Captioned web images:
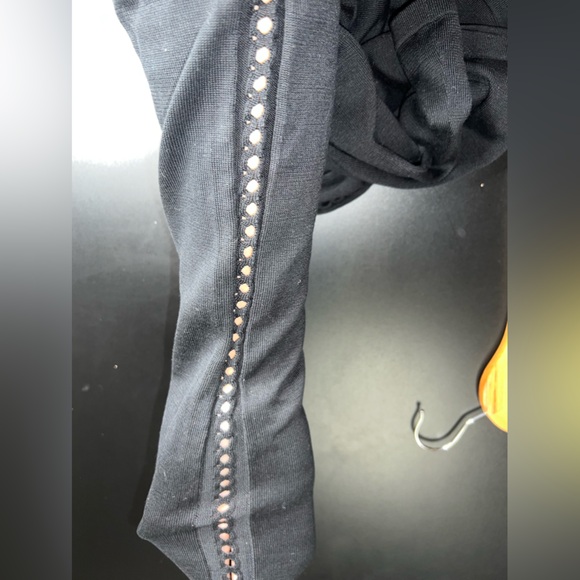 Brooks Brothers Blue Label Black 70% Silk Top With Cutouts on sleeves Sz S EUC - Picture 10 of 10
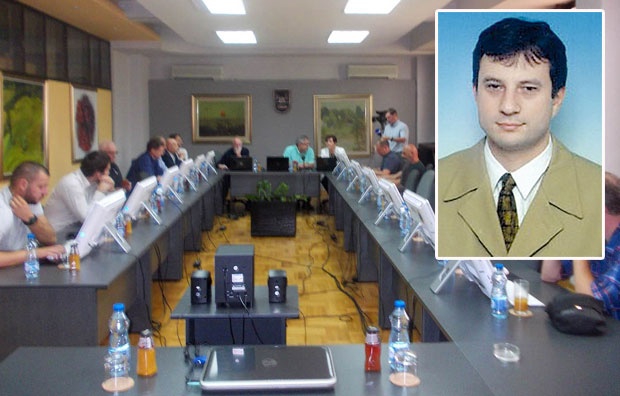 УНИВЕРЗИТЕТ У КРАГУЈЕВЦУ: Филиповић в. д. ректора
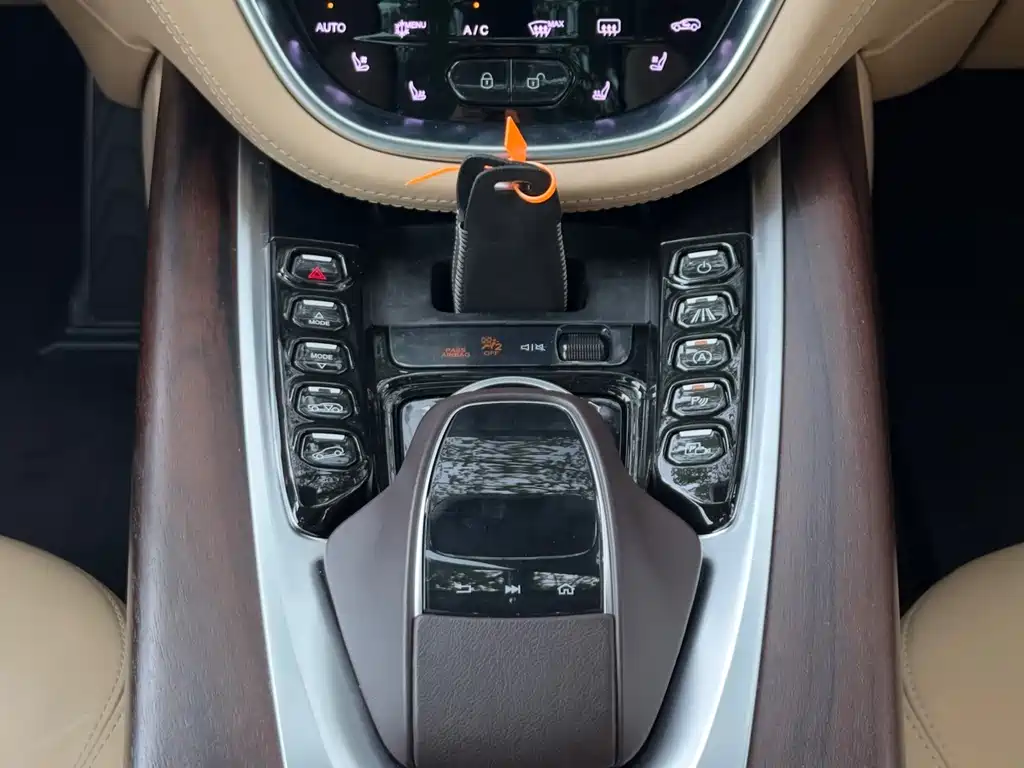 Aston Martin DBX — миниатюра 22
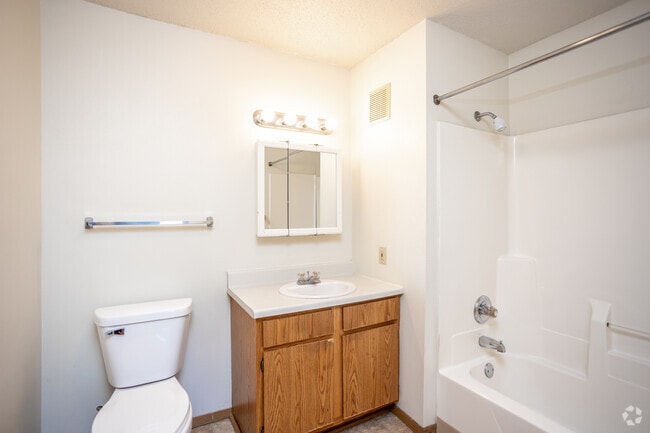 1BR, 1BA - 525 SF - Valley View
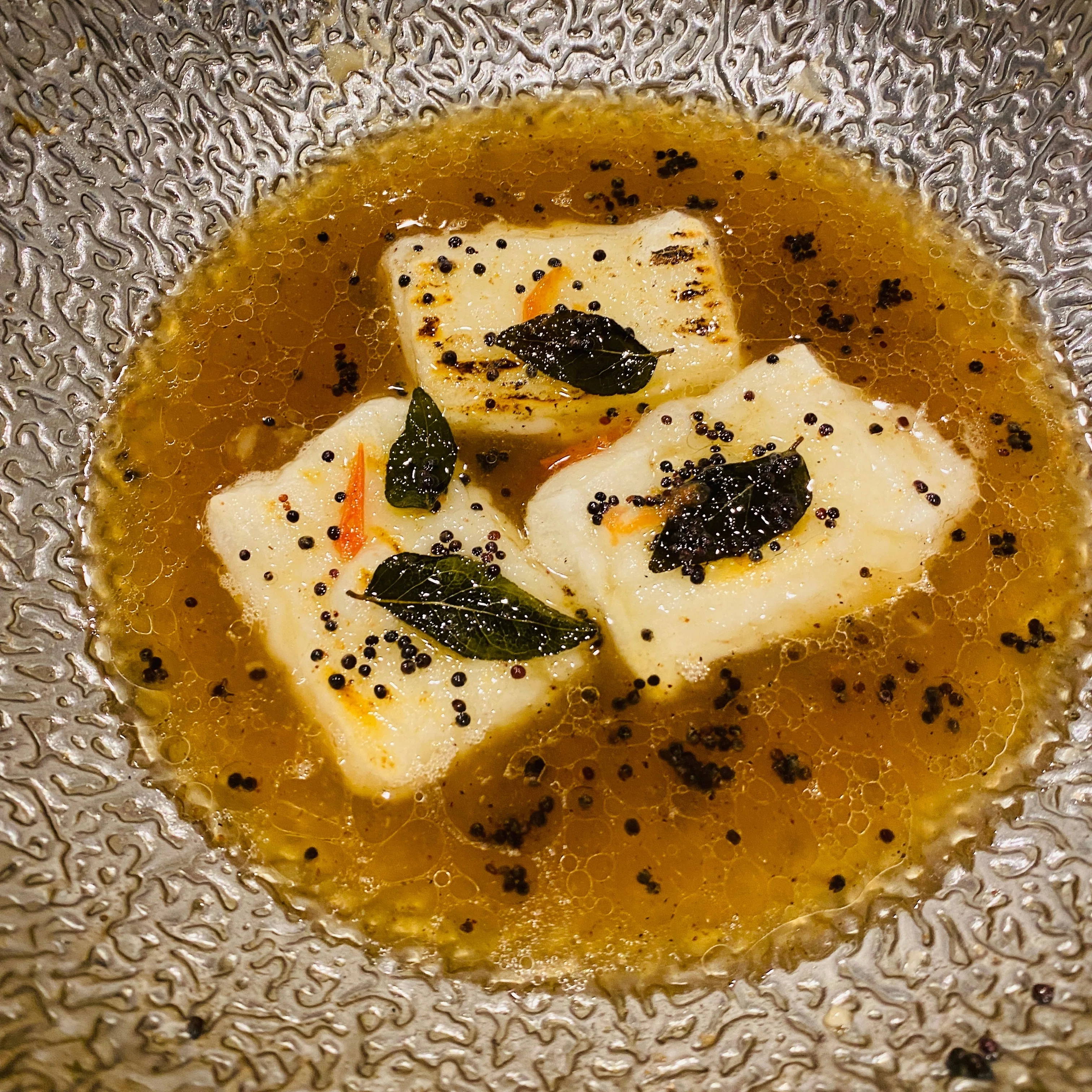 おでん＋ヒングa.k.a悪魔の糞、の味を新年会で検証。｜#34｜カレー三兄弟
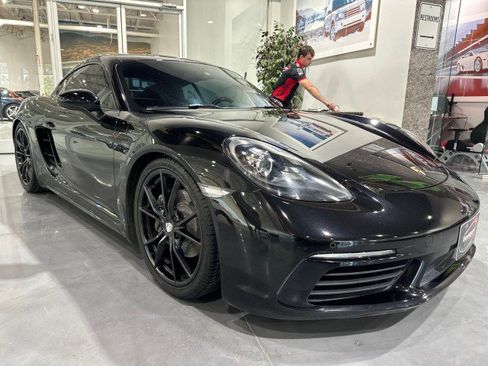 Used 2019 Porsche 718 Cayman RWD image 20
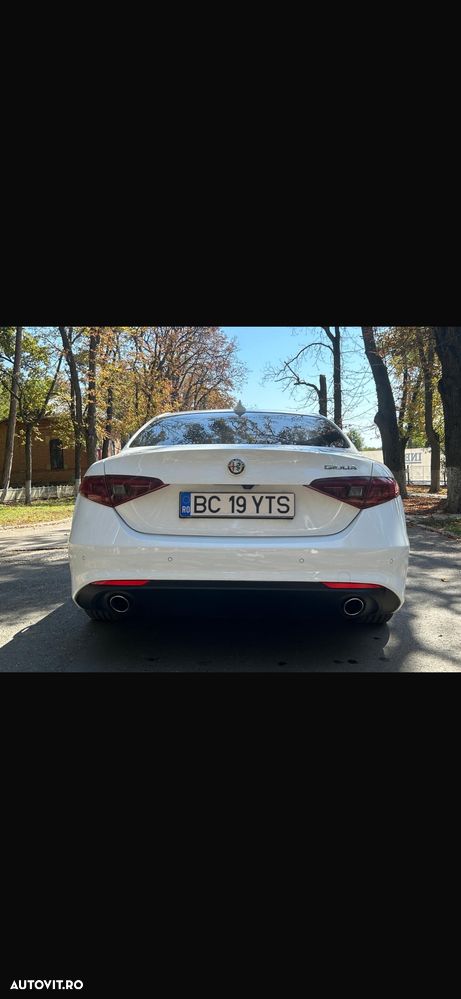 Alfa Romeo Giulia - 10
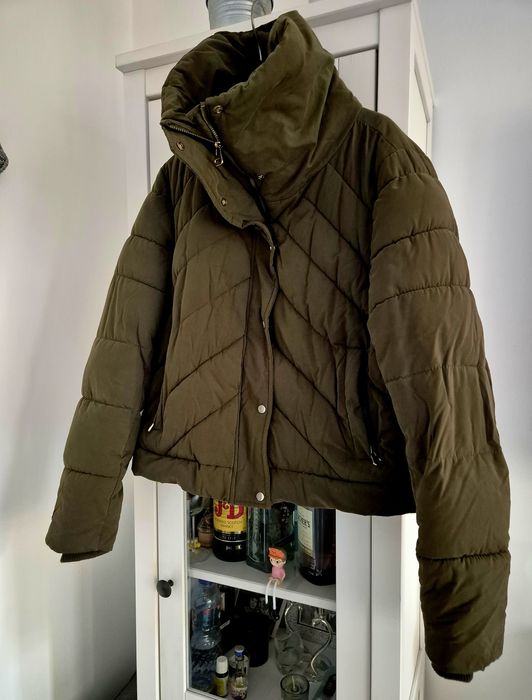 Vand geaca iarna dama Zara cu guler blana detașabil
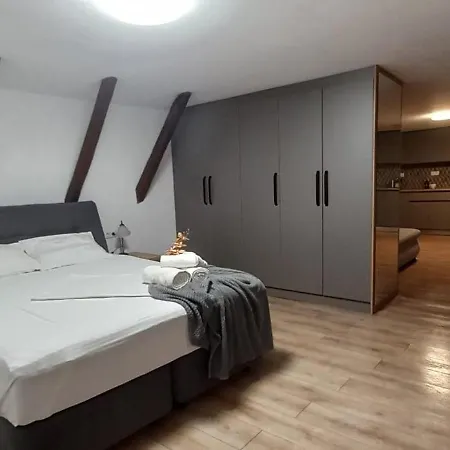 Gm 15 Apartment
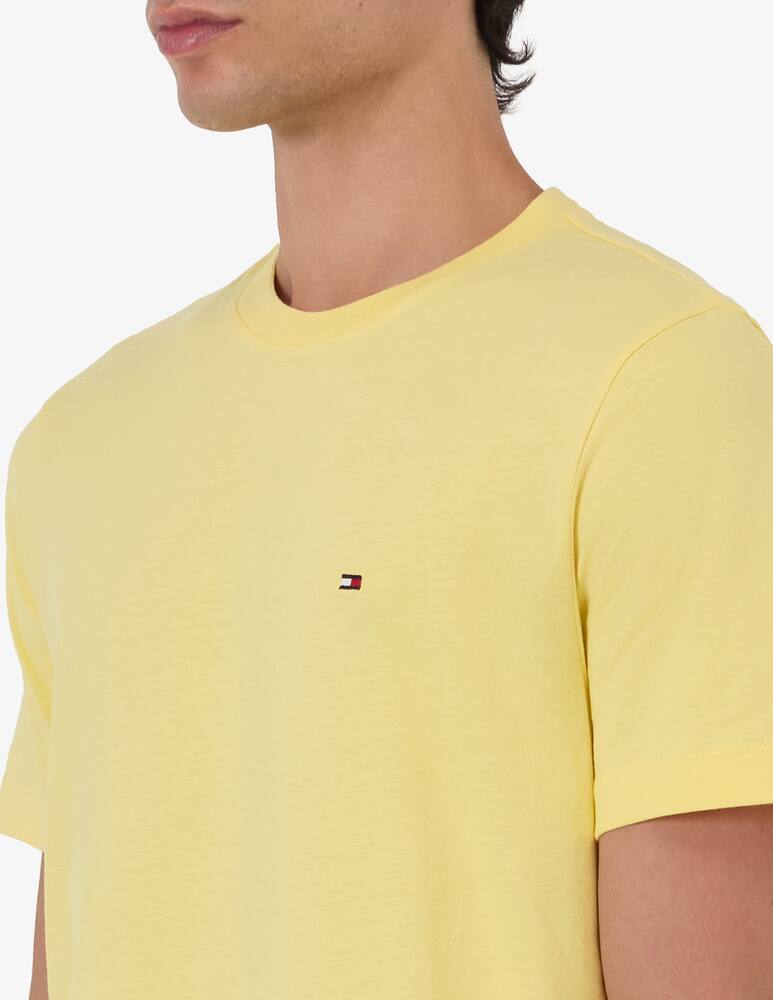 Tommy Hilfiger Solid crewneck t-shirt - picture 4 Tommy Hilfiger Solid crewneck t-shirt - picture 4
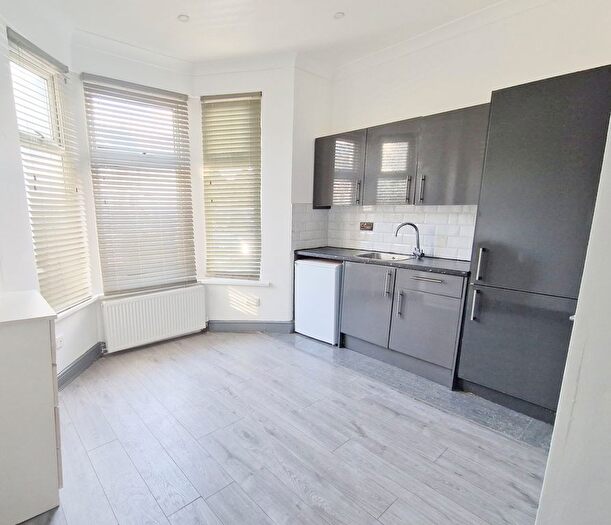 1 Bedroom Studio To Rent In Thorold Road, Ilford, Essex, IG1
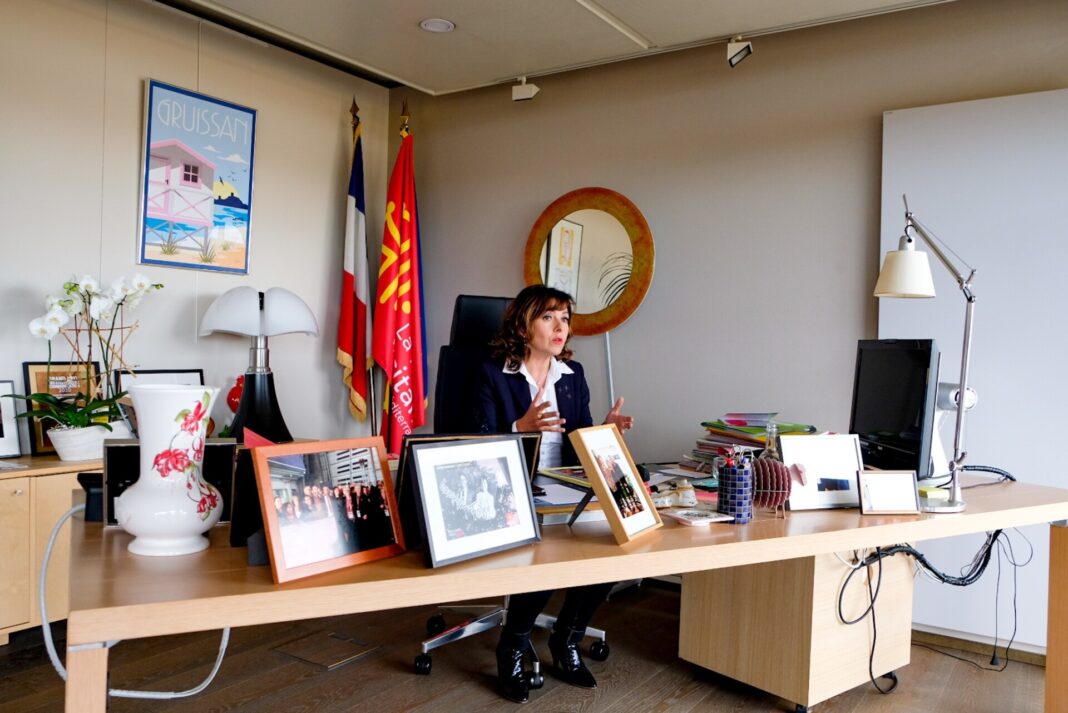 Carole Delga La Région renforce son action sanitaire, son soutien aux familles et aux entreprises et appelle le gouvernement à mieux s'adapter à la réalité du terrain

→ WHAT IS BEING ASKED
Your answer must be the lines from the one containing "1BR, 1BA - 525 SF - Valley View" through the final line of the entries, duplicated exactly, with both ends kept and all pictures left out.

→ EXERCISE RESULT
 1BR, 1BA - 525 SF - Valley View
 おでん＋ヒングa.k.a悪魔の糞、の味を新年会で検証。｜#34｜カレー三兄弟
 Used 2019 Porsche 718 Cayman RWD image 20
 Alfa Romeo Giulia - 10
 Vand geaca iarna dama Zara cu guler blana detașabil
 Gm 15 Apartment
 Tommy Hilfiger Solid crewneck t-shirt - picture 4 Tommy Hilfiger Solid crewneck t-shirt - picture 4
 1 Bedroom Studio To Rent In Thorold Road, Ilford, Essex, IG1
 Carole Delga La Région renforce son action sanitaire, son soutien aux familles et aux entreprises et appelle le gouvernement à mieux s'adapter à la réalité du terrain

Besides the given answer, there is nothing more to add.